When it comes to offline, the best luxury brands have always struck a strong balance of brand and product experience. They know that branding isn’t just about the product, it’s about the theatre it’s wrapped in - from personal shopping and invitation-only events to catwalk shows and weekend-long superyacht demonstrations.
This sense of drama is vital for high-end brands - it fosters long-term advocacy and helps justify the premiums you pay for their handbags, watches, clothes, and cars.
Their experiential approach also helps distract from the inelegance of transaction. In luxury circles, the physical act of buying and selling is often deemed somewhat gauche. But by dressing it in pomp and ceremony - by making it a small part of a bigger experience - the act of handing over your dosh for your Dolce is minimised.

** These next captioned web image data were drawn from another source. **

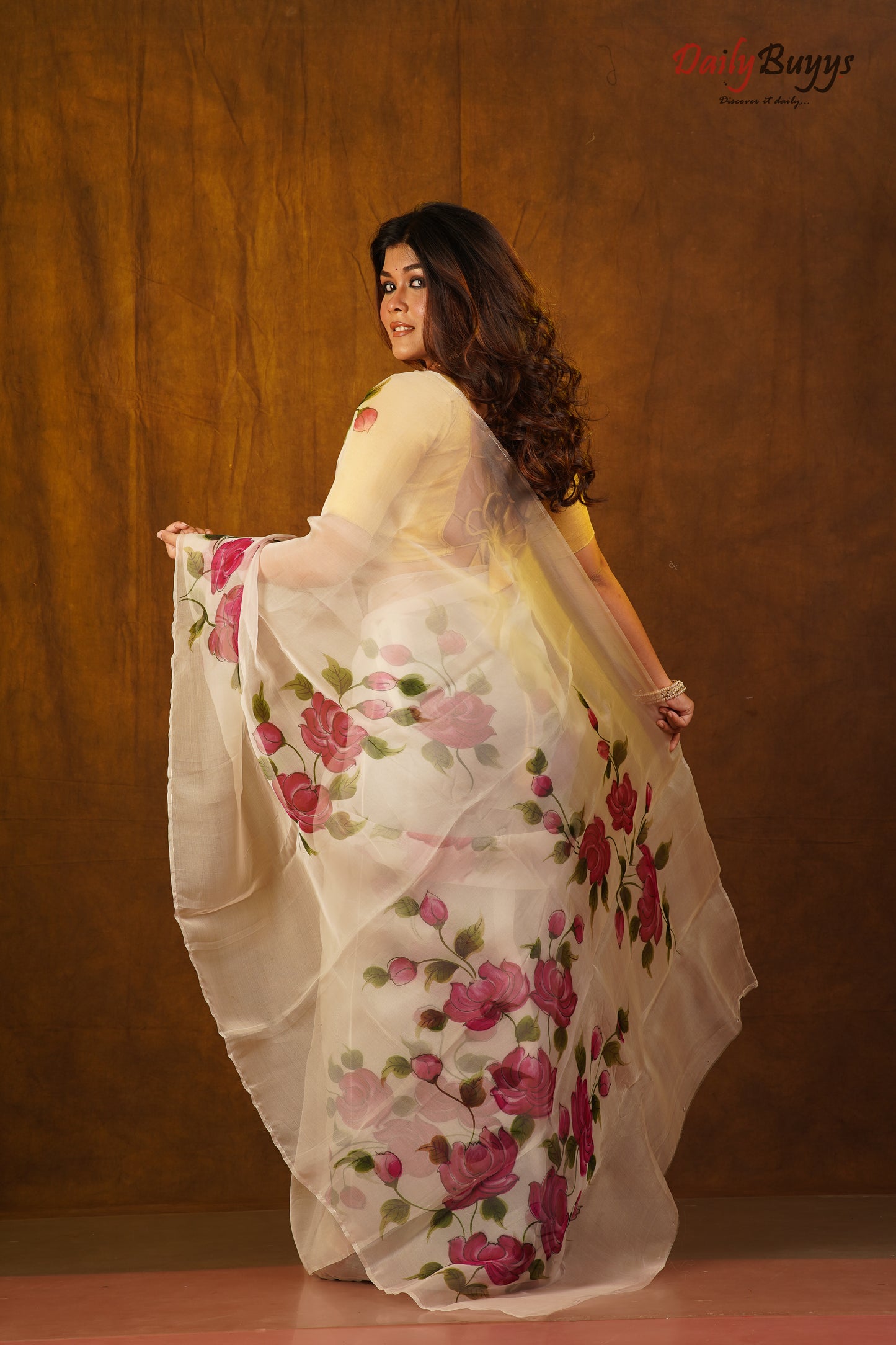 Pink Floral Hand Painted Pure Organza Sarees - Dailybuyys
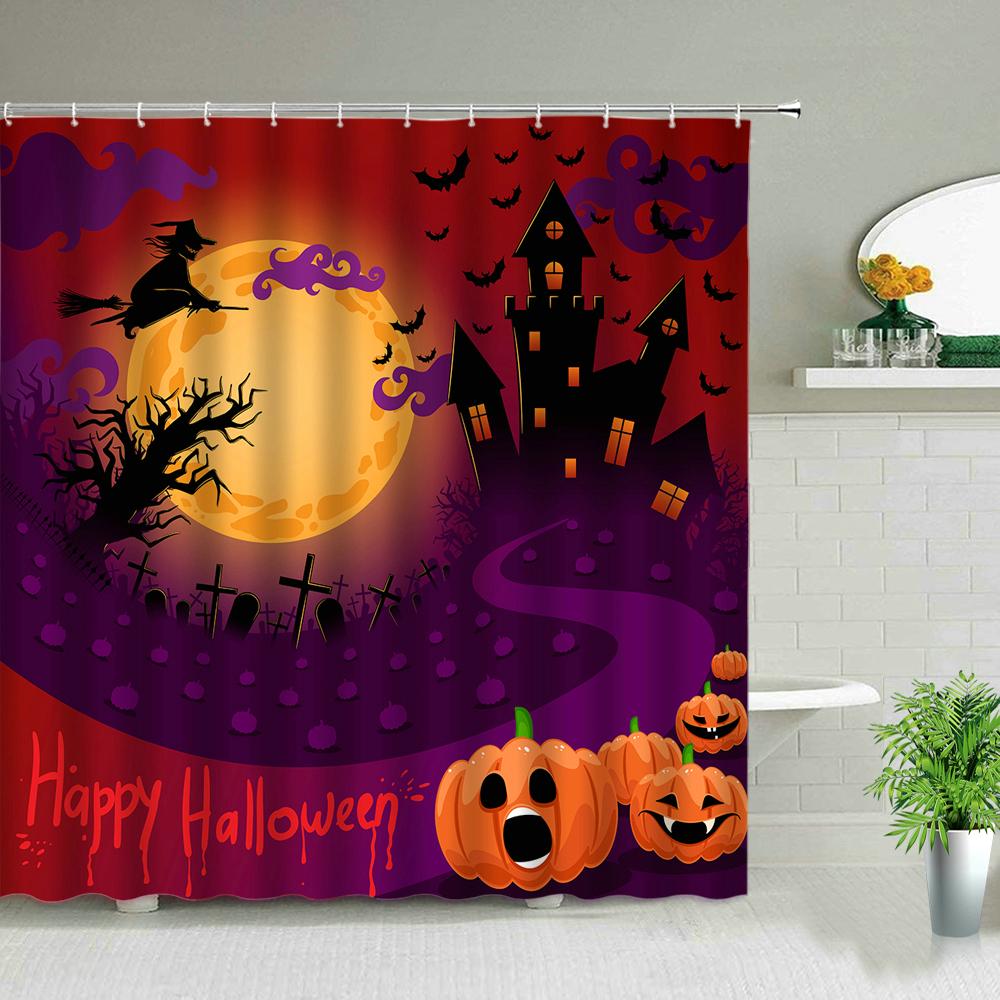 Halloween pumpkin Lantern Shower Curtain Bathroom The Terrible  Forest Wood Ghost House Tombstone Fabric Bathroom Curtain Set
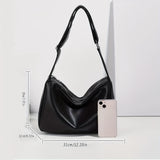 Large Capacity Black PU Leather Shoulder Bag, Fashionable Hobo Style Handbag For Women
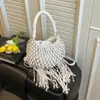 Bolso de malla con borlas tejidas estilo bohemio para mujer, bolso de hombro y cruzado a la moda, bolso de playa para vacaciones en la costa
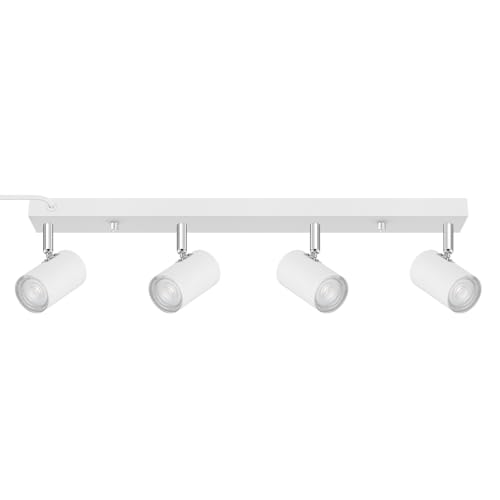BoostArea LED Track Lighting Ceiling Fixtures, White 4-Light Plug in Track Lights for Kitchen, 23" Ceiling Spotlight, 15 FT Cord,Flexibly Rotatable Wall Mount Light Head for Bedroom Hallway - color: 4 Light-White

In short, luxury brands understand the power of making selling less about the hard-sell and more about lifestyle, escape, experience, ego and theatre.
So why do they so often fail to show this on their digital platforms?
It’s a strange phenomenon in luxury marketing that high-end brands often fall down when it comes to their websites, creating clunky platforms that betray the glamour and beauty of their products.
Blocky and dated design, a multitude of clashing font types, inconsistent tones of voice, a lack of e-commerce options are just some of the sins of the luxury online world. The effects of these have been exacerbated since the outbreak of Covid-19.
When the pandemic hit, we quickly realised two things at Woven. The first was that the importance of digital would be catalysed still further. (It was already important, it’s now essential.) With these intimate, experiential events in the physical space either cancelled or postponed, digital brand interactions will now have to work harder than ever.
Of course, failing to translate your brand’s essence into your digital environment is a crime for any business, let alone those targeting HNWIs. But the lockdown – and the resultant wholesale switch to digital by consumers – has exposed those whose online proposition doesn’t match their offline one.
The second thing we realised was that, so as not to appear too mercantile in a period of great turbulence, luxury brands would learn to sell by not selling. Instead of focusing on product and price, they would instead appeal to the things that make us human – the non-material stuff that really matters in life.
Together, these two factors mean that luxury brands have to quickly catch up with those leading the pack in their online offerings but in a way that prioritises a more human brand experience over a sales message.
This is the approach we took with the Princess Experience page we created for Princess Yachts – a section of the site dedicated to the brand lifestyle and backed up with its own marketing strategy and budget. This page eschews the ‘sell sell sell’ mantra in favour of softer, more family-focused and lifestyle-based design and messaging.
The result is something that captures the essence of Princess’ brand – beauty, aspiration, craftsmanship – in a way that’s as much about people as it is about yachts.
Other luxury brands have embraced this softer approach, too, as they come to understand that COVID is changing what people find important. More brands are harking back in time with their creative because it’s safer, more reassuring – whereas the future is uncertain, scary.
The current Gucci homepage typifies this: its Jackie O-inspired shoot is pure ‘60s nostalgia. And if you take a scroll through the Hermes Instagram account, you’ll see stone, plants and water instead of glass, silver and steel. Nature is returning to high-end social media, so it seems.
In short, Covid-19 is making us yearn for family, nostalgia and nature because in these things lie safety and surety.
All of which means three things for luxury brands.
One, they have to up their digital game. Websites and social media content that doesn’t epitomise the spirit of their brand or live up to their offline experiential events will deter those who expect better. And in a post-Covid world that’s prioritising etail over retail, failure to do this could mean game over.
Two, they need to tread carefully about how much they push their products. Instead of being sales-focused, they should consider digital experiences that promote lifestyle over lucre.
And three, they have to be aware that what people find important, at least in the medium-term, is shifting. Less stark minimalism, more home comfort. Less nu-wave, more nostalgia.
You get the idea. Only time will tell if luxury brands get it, too.
Ben Fitton, copywriter at Woven Agency.